This inspection constituted one sample as defined in IP 71122.02-5.
b. Findings
No findings of significance were identified.
.2 Radioactive Waste System Walkdowns
a. Inspection Scope
The inspectors performed walkdowns of the liquid and solid radwaste processing systems to verify, that the systems agreed with the descriptions in the UFSAR, and the Process Control Program, and to assess the material condition and operability of the systems. The inspectors reviewed the status of radwaste processing equipment that was not operational and/or was abandoned in place. The inspectors reviewed the licensees administrative and physical controls to ensure that the equipment would not NRC000022 contribute to an unmonitored release path nor be a source of unnecessary personnel exposure.
The inspectors reviewed changes to the waste processing system to verify that the changes were reviewed and documented in accordance with 10 CFR 50.59 and to assess the impact of the changes on radiation dose to members of the public. The inspectors reviewed the current processes for transferring waste resin into shipping containers to determine if appropriate waste stream mixing and/or sampling procedures were utilized. The inspectors also reviewed the licensees methods for waste concentration averaging to determine if representative samples of the waste product were provided for the purposes of waste classification, as required by 10 CFR 61.55.
This inspection constituted one sample as defined in IP 71122.02-5.
b. Findings
No findings of significance were identified.
.3 Waste Characterization and Classification
a. Inspection Scope
The inspectors reviewed the licensees radiochemical sample analysis results for each of the licensees waste streams, including dry active waste (DAW), spent resins, and filters.
The inspectors also reviewed the licensees use of scaling factors to quantify difficult-to-measure radionuclides (e.g., pure alpha or beta emitting radionuclides). The reviews were conducted to verify that the licensees program assured compliance with 10 CFR 61.55 and 10 CFR 61.56, as required by Appendix G of 10 CFR Part 20. The inspectors also reviewed the licensees waste characterization and classification program to ensure that the waste stream composition data accounted for changing operational parameters and thus remained valid between the annual sample analysis updates.

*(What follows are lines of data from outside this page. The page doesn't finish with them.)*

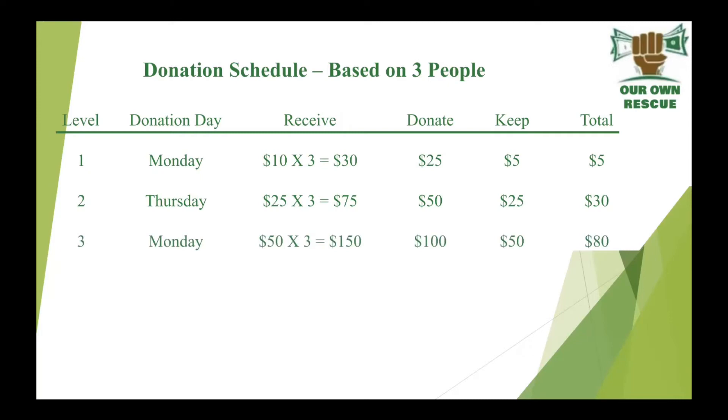The following Monday: $50 by three people is $150. You donate $100 back in, you keep $50. Put that other $50 in from that last $30, now you make $80. Thursday: $100 — rinse and repeat. $300, you donate $200, you keep $100, you now have $180.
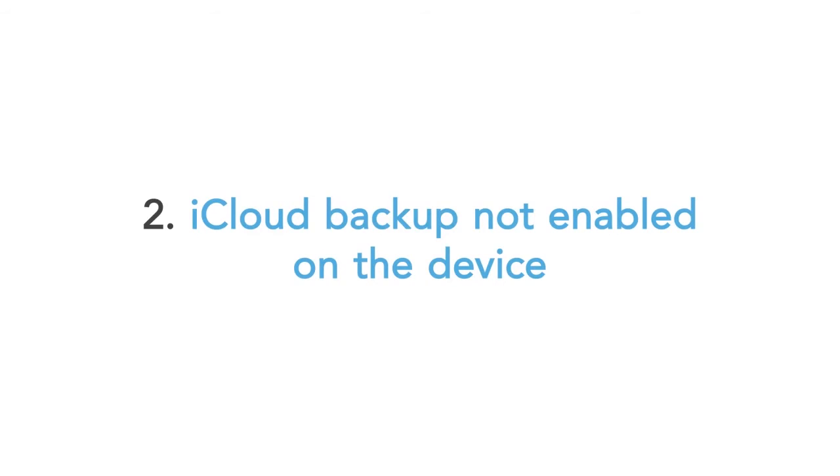First, you need to make sure that the teen's iPhone is set correctly. Please follow these instructions to get the teen's phone set. Connect the device to a power source — in other words, plug into the wall like you would to recharge the battery.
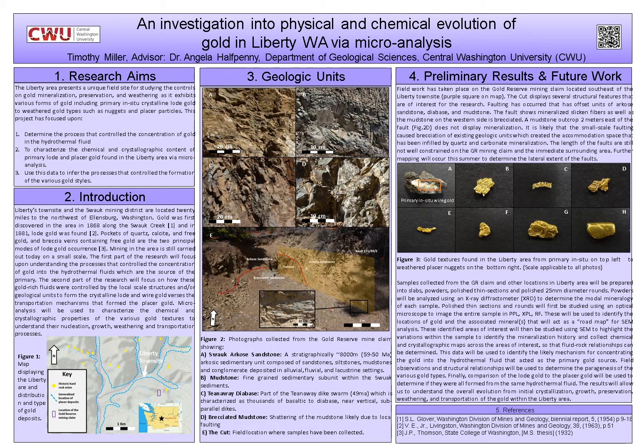Hello there! Thank you so much for stopping by and clicking on my presentation. My name is Timothy Miller. I am a first-year graduate student with the Department of Geological Sciences here at Central Washington University, and I'm working on a master's thesis focused on investigating the physical and chemical evolution of gold in Liberty, Washington via microanalysis.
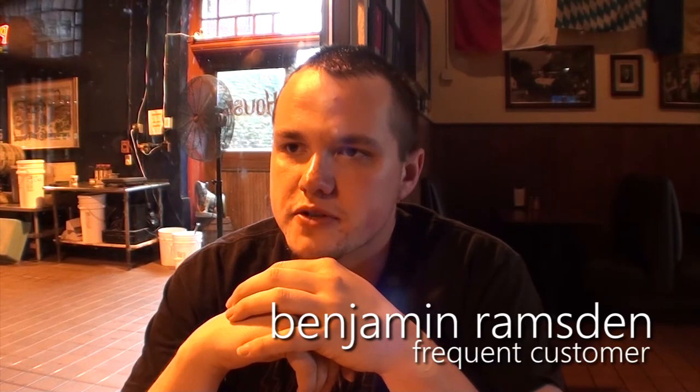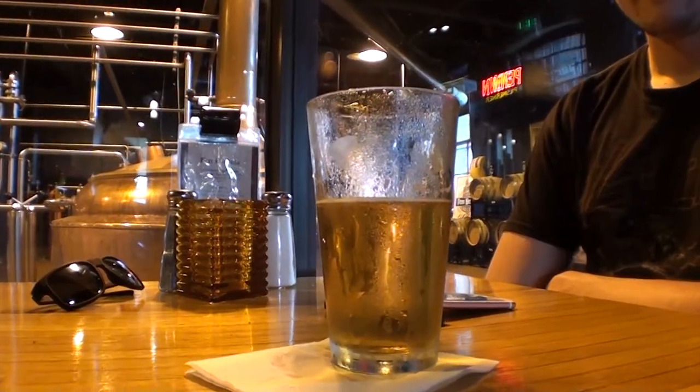My favorite beers are Penn Gold. I love the Penn Pilsner, but the fall beers are my absolute favorite. I love the Penn Brewery — it's great. Born and raised on the north side, I've been coming here since I was 14.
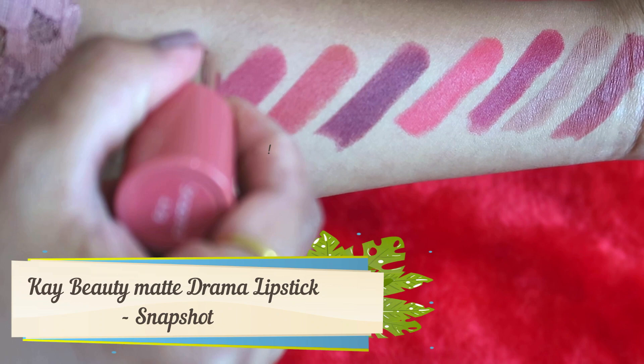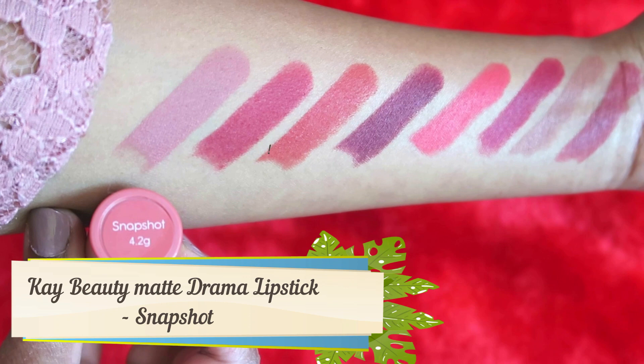Last but not least, the eighth shade is Snapshot — a beautiful nude shade. The swatch is gorgeous, but it does wash me off, so it's best suited for very fair skin tones. It's a neutral everyday shade. I love the color, but it didn't suit me personally — though fair skin tones would definitely look great in it.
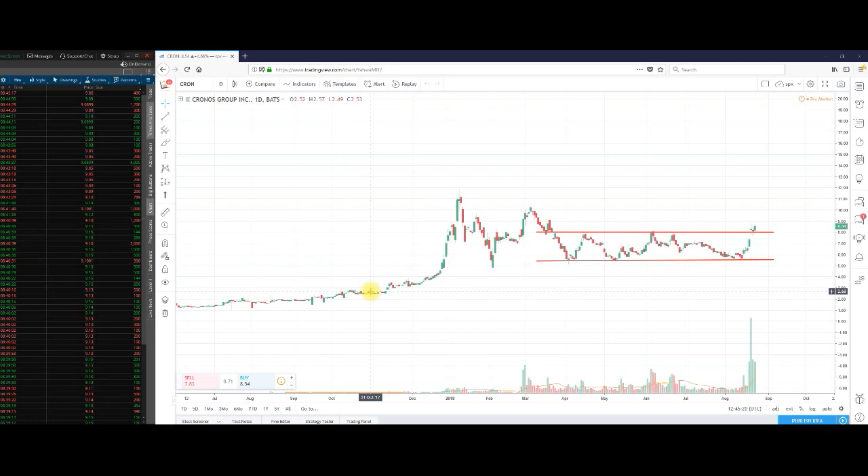Hello, ShortMeTina once again from ShortMeTina.com. Doing a pre-morning, before the bell, pre-market video recap on ticker CRON.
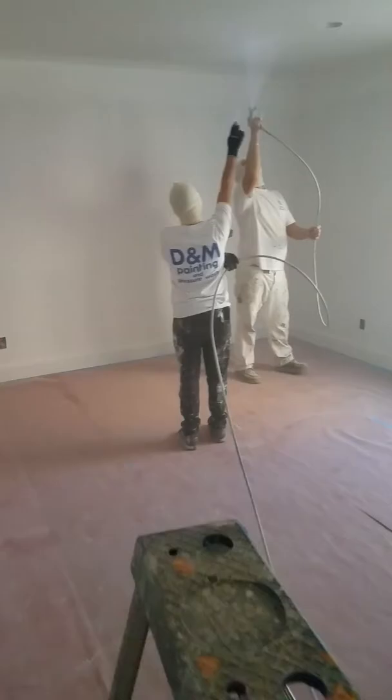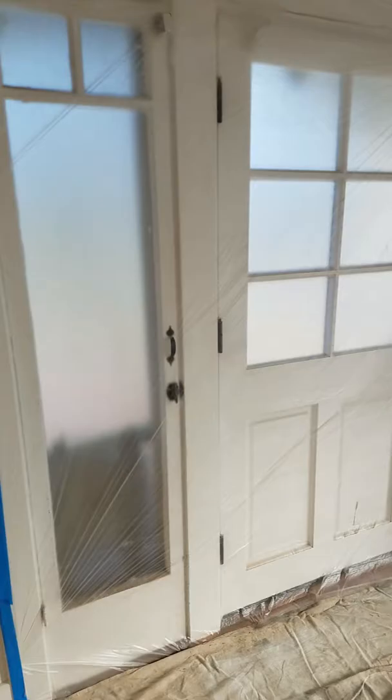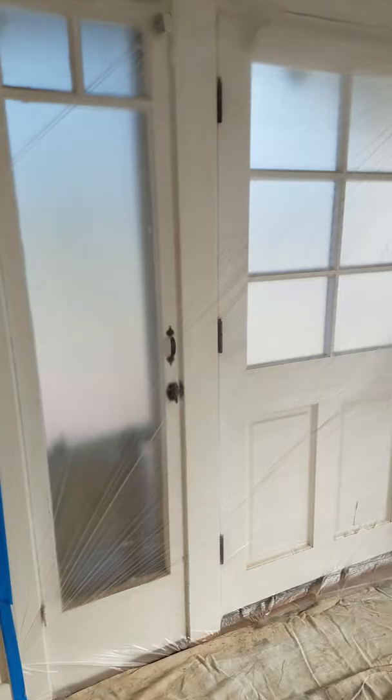Beautiful, beautiful. The whole interior will be done. This whole wall will be backsplashed with a white stain.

This inspection constituted one sample as defined in IP 71122.02-5.
b. Findings
No findings of significance were identified.
.4 Shipment Preparation and Shipping Manifests
a. Inspection Scope
The inspectors reviewed the documentation of shipment packaging, radiation surveys, package labeling and marking, vehicle inspections and placarding, emergency instructions, determination of waste classification/isotopic identification, and licensee verification of shipment readiness for five non-excepted material and radwaste shipments made from 2006 to 2008. The shipment documentation reviewed consisted of:
NRC000022
- One LSA-I Shipment of Resins to a Radwaste Vendor; and
- Four SCO-II Shipments to a Fuel Analysis Vendor.

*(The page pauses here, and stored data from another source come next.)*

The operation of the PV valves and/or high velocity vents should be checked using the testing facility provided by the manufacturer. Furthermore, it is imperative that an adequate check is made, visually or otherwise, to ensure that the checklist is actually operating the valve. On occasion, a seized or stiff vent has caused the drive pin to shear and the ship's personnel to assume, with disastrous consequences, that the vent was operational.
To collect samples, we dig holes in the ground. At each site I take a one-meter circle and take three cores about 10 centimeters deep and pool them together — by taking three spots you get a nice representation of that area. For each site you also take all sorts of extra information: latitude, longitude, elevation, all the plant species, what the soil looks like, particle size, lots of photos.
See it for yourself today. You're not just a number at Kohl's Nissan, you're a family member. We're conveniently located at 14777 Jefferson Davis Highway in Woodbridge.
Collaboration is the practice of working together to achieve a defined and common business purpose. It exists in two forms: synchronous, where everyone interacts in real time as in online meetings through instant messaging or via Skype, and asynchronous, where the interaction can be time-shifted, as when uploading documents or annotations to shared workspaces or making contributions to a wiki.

For each shipment, the inspectors determined if the requirements of 10 CFR Parts 20 and 61 and those of the Department of Transportation (DOT) in 49 CFR Parts 170-189 were met. Specifically, records were reviewed and staff involved in shipment activities was interviewed to determine if packages were labeled and marked properly, if package and transport vehicle surveys were performed with appropriate instrumentation, if radiation survey results satisfied DOT requirements, and if the quantity and type of radionuclides in each shipment were determined accurately. The inspectors also determined whether shipment manifests were completed in accordance with DOT and NRC requirements, if they included the required emergency response information, if the recipient was authorized to receive the shipment, and if shipments were tracked as required by 10 CFR Part 20, Appendix G.

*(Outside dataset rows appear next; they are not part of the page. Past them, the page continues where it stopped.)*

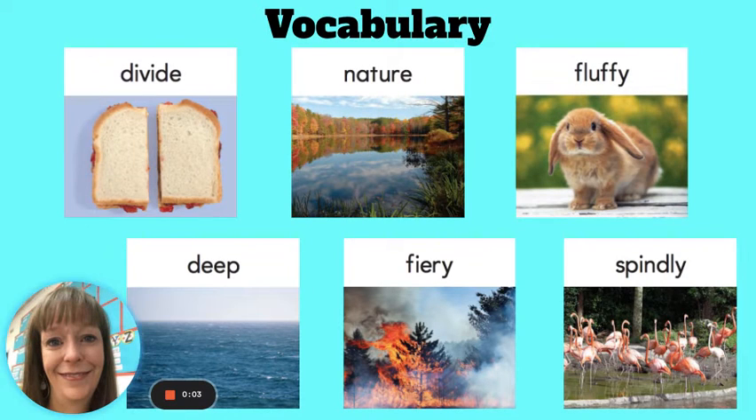Today we are going to look at some vocabulary words that were in the book that we just read. The very first word we're going to look at is the word divide. If you divide something, you make it have two or more parts. She used a knife to divide the sandwich into two parts.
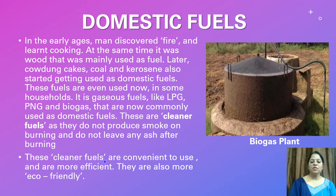These cleaner fuels are convenient to use and are more efficient. They are also more eco-friendly.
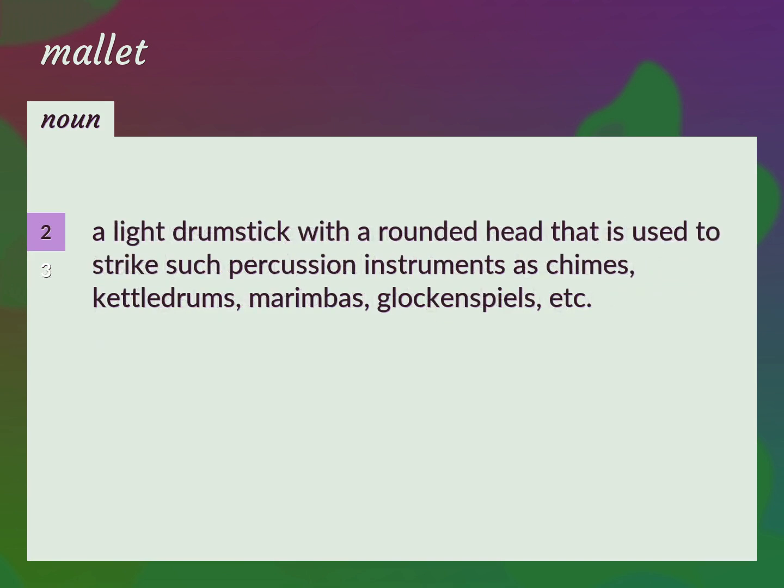Hammer. A light drumstick with a rounded head that is used to strike such percussion instruments as chimes, kettle drums, marimbas, glockenspiels, etc.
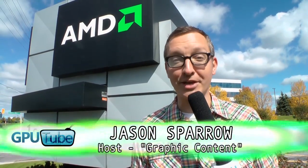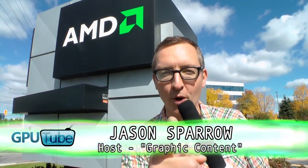Welcome to GPUtube.com's Graphic Content with me, your host, Jason Sparrow. Today's episode is a special investigative look at the world's leading graphics card team, AMD. We've traveled to the remote Canadian wilderness and this undisclosed location to give you an exclusive, all-access, behind-the-scenes look at how AMD turns this... into this.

This inspection constitutes one sample as defined by IP 71122.02-5.
Selected staff involved in shipment activities were observed and interviewed by the inspectors to determine if they had adequate skills to accomplish shipment related tasks and to determine if the shippers were knowledgeable of the applicable regulations to satisfy package preparation requirements for public transport with respect to NRC Bulletin 79-19, Packaging of Low-Level Radioactive Waste for Transport and Burial, and 49 CFR Part 172 Subpart H.
This inspection constitutes one sample as defined by IP 71122.02-5.
b. Findings
One finding of significance was identified.
Introduction:
A preliminary Yellow self-revealing finding of substantial safety significance with associated apparent violation was identified involving the licensees failure to properly prepare and ship a package containing radioactive material in a manner that assured, under conditions normally incident to transport, conformance with Department of Transportation (DOT) radiation level limitations specified by 49 CFR 173.441(a), (i.e.,
200 millirem per hour (mrem/h)) on any external surface of the package.
Description:
On October 29, 2008, a Surface Contaminated Object (SCO) shipment of fuel sipping equipment was surveyed, radiologically characterized, prepared, packaged and shipped from the licensees site to Westinghouse Corporation in Waltz Mill, Pennsylvania. The shipment was made on an exclusive use open transport vehicle with no over-pack, barrier, or barricade restricting access to the radioactive package (transport box). Prairie Islands final shipment surveys indicated that all applicable survey parameters were below required DOT regulatory limits, with the maximum radiation level on any package surface at 170 mrem/h (telepole measurement).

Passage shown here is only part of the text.